Penulis kemudian mencoba melemparkan keheranan atas belum berhasilnya para sejarawan ini kepada pihak yang paling otoritatif dalam memasok ilmu pengetahuan bagi generas selanjutnya, lembaga pendidikan. Kejanggalan pada lembaga pendidikan ini memang sekedar subjektif penulis. Penulis merasa bahwa sekuat apapun usaha para sejarawan yang dibantu oleh akademisi memang sulit membuahkan hasil. Hal itu karena doktrin yang ditanamkan kepada setiap bibit generasi selanjutnya adalah sebuah hasil bias sejarah yang belum diluruskan tersebut. Kurikulum yang dicanangkan masih hanya sekedar taklid buta atas apa yang telah tersusun sebelumnya. Lembaga pendidikan memang bukan akar segalanya.
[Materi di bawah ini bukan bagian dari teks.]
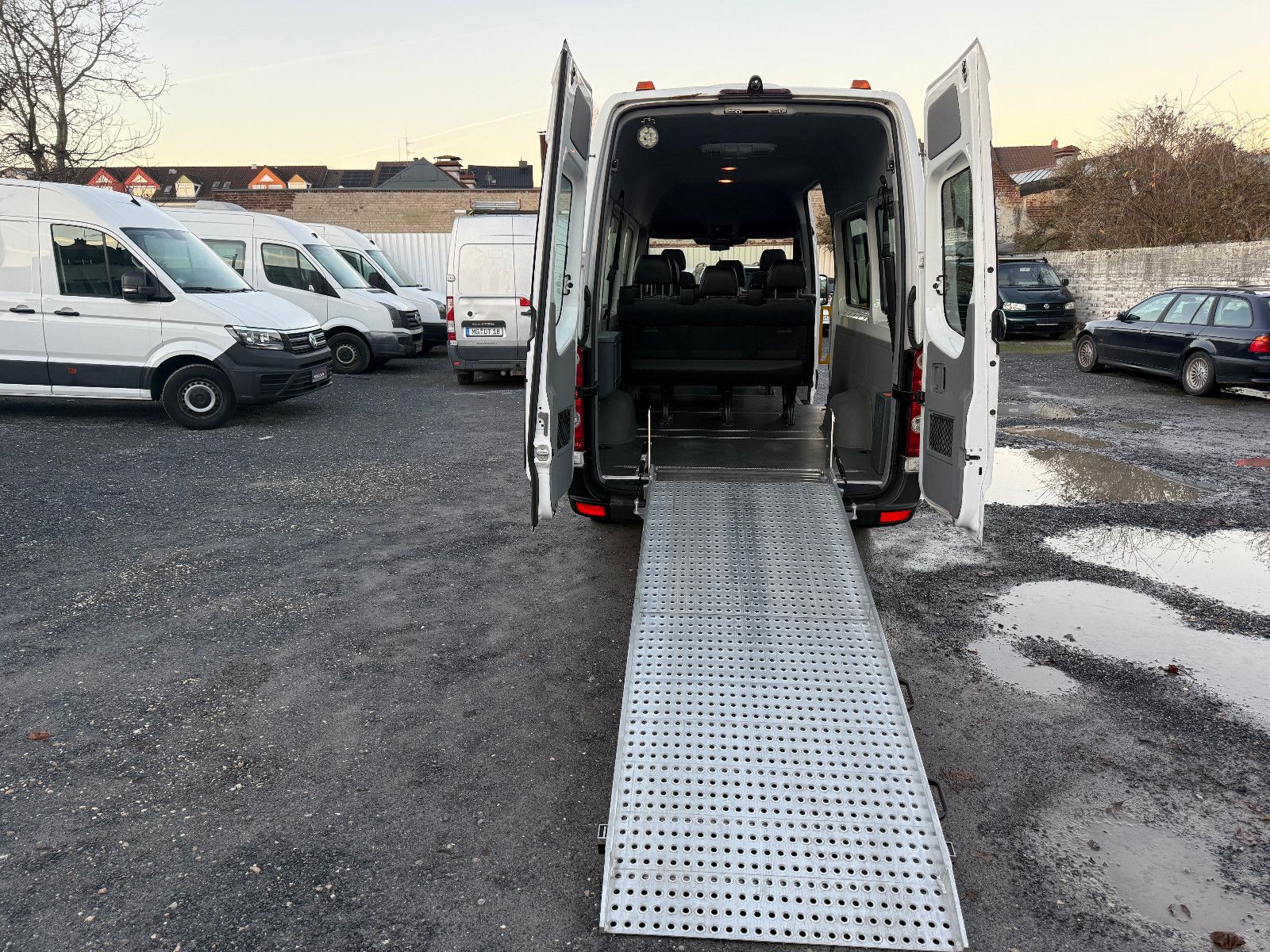 Fahrzeugabbildung Volkswagen Crafter Kombi 35 lang L3H2 Behindertengerecht!!!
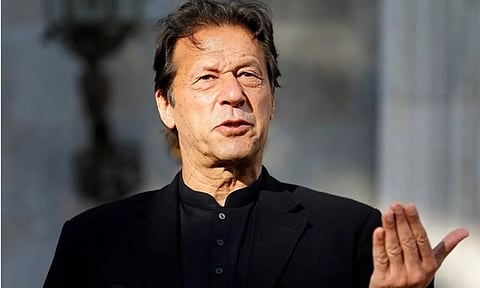 இம்ரான் கான் தேர்தலில் போட்டியிட 5 ஆண்டு தடை விதித்தது பாகிஸ்தான் தேர்தல் ஆணையம்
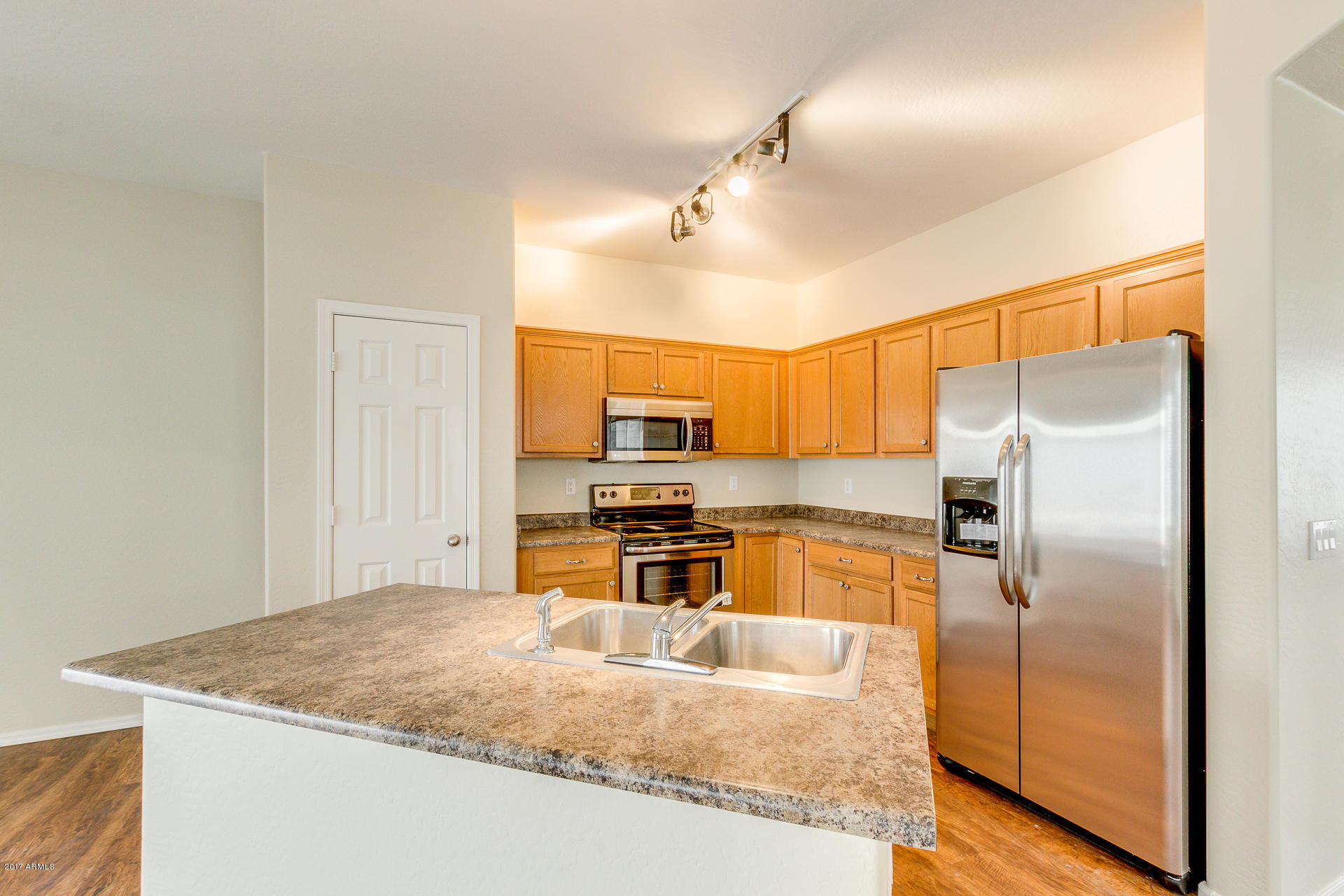 7042 West Beverly Road Laveen, AZ 85339 - Photo 10 of 29 12-Beverly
Untuk mengubah substansi dari kurikulum yang diajarkan tidak semudah membalik telapak tangan. Pihak yang lebih otoritatif lagi tentunya Menteri Pendidikan yang mempunyai kuasa penuh dalam melegitimasi hal-hal yang berkaitan dengan pendidikan. Juga, tentunya akan terjadi tarik ulur yang cukup ketat untuk mengubah kurikulum yang bersangkutan dengan sejarah kepahlawanan Kartini ini. Hal itu karena sejarah kepahlawanan Kartini mempunyai hubungan erat dengan cita nasionalisme bangsa Indonesia yang telah tertanam selama sekian dekade. Merubah kurikulum, artinya harus mencabut cita tersebut yang telah lama mengakar dalam sanubari bangsa.


Dengan begitu, mungkin kita masih terus “dipaksa” untuk mencerca sejarah Kartini, menggugat, menyalahkan, menyudutkan, serta segala hal yang berkonotasi negatif atas bias sejarah tersebut. Kita mau tidak mau harus ikut mencerca hingga bias sejarah ini diluruskan kembali, hingga ada legitimasi atas sejarah yang sebenarnya. Walaupun ini tidak lebih dari tambahan wawasan yang bersifat informal alias di luar kurikulum, setidaknya kita tidak membiarkan generasi selanjutnya mengkonsumsi sejarah yang masih bias itu. Tapi, tentunya lebih baik lagi jika ada yang mengusung wacana legitimasi atas kesalahan sejarah ini untuk segera menjadi kurikulum.